Paul J. Bolster and Emery A. Trahan, professors of finance at Northeastern’s College of Business Administration, examined Cramer’s picks over a two-and-one-half year period between July 2005 and December 2007. They developed and followed a hypothetical stock portfolio based on 1,344 “buy” and 435 “sell” recommendations Cramer made to his viewers.
The hypothetical portfolio returned 31.75 percent, or close to 12.1 percent annually, beating Standard & Poor’s 500-stock index (18.7 percent, or 7.35 percent annually during the same period). However, the researchers explain, when factors such as investment risk are taken into account, the Cramer portfolio performed slightly less well than the market in 2006, and slightly better in 2007.
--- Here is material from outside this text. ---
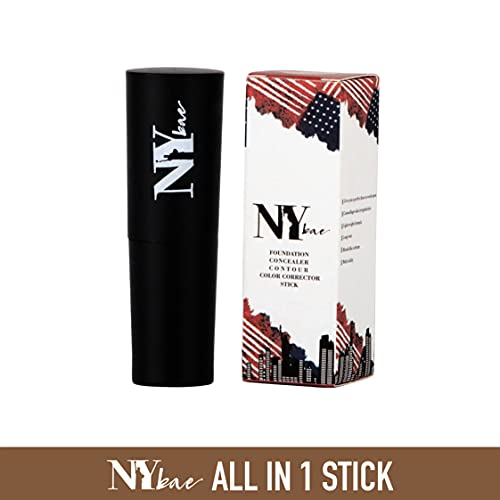 Image of NY Bae All In One Stick - Foundation Concealer Contour Color Corrector Stick | Flawless Texture, Natural Finish | For Dusky Skin - Do the Harlem Dance - Toffee 6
In addition, the data showed that Cramer's stock recommendations clearly influence share prices. On average, if he said "buy," the value of that stock went up by 2 percent on the following day. If he said "sell," the price fell by 0.7 percent. The positive bump for "buys" tended to reverse over the next 30 days, but the "sells" continued to decline during the same time frame.
“Based on his large and loyal viewership, Jim Cramer is certainly entertaining and mesmerizing to his viewers,” said Bolster and Trahan in their report. However, “the results provide little compelling information that Cramer’s recommendations are extraordinarily good or unusually bad.”
The results of the study were published in The Financial Services Review.